# 90 day rule for EU nationals to visit Portugal without applying for residency?



## John and Cecil (Dec 22, 2019)

I have been looking for information about this but it is very difficult to find. I know if a non EU national (lets say a man from the USA) visits the EU Schengen area he would be permitted to stay up to 90 days and then he must leave for 90 days. But when a EU citizen visits another EU country (lets say an Italian citizen visiting Portugal) he is permitted to stay in Portugal for up to 90 days without obtaining a residency permit. Now lets say he decides to leave on the 90th day and travel to another EU country (lets say Spain), how long must the Italian citizen wait before he can visit Portugal again without the need to apply for a residency permit? Is it 90 days in and 90 days out like the Schengen area rules, or is it 90 days per calendar year, or perhaps they enforce some other criteria like the man must return to his country of citizenship before returning again? 

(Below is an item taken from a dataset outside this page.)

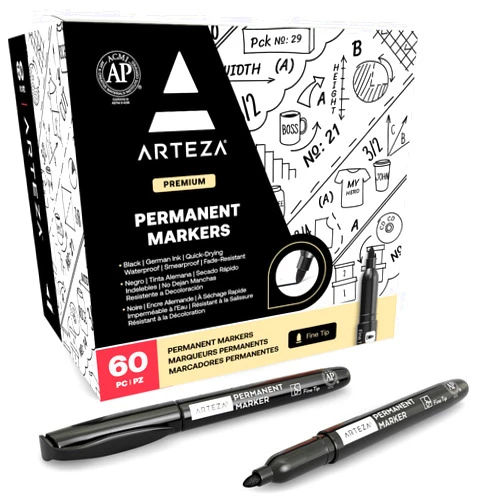ARTEZA Permanent Markers Black, Bulk Set of 60, Fine Tip, Waterproof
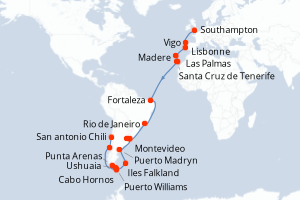 Carte itinéraire croisière - 37 jours au départ de Southampton - Transatlantique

I am just looking for the legal interpretation of this law. We will assume the man does not have any family, financial, or business ties to Portugal when he leaves and his lease has expired, and he establishes a new lease in Spain immediately after leaving. 

Thank you and be safe!


----------



## NickZ (Jun 26, 2009)

An hour? At least if you're just asking about yourself. There are limits on how long a tourist car can be driven outside it's home country but that's six months out of the year. 

The idea behind the requirement to get residency is to avoid people becoming a burden on the host country. But under EU law governments even if they're keeping an eye on you can't impose very severe penalties. It's usually at most a relatively small fine. 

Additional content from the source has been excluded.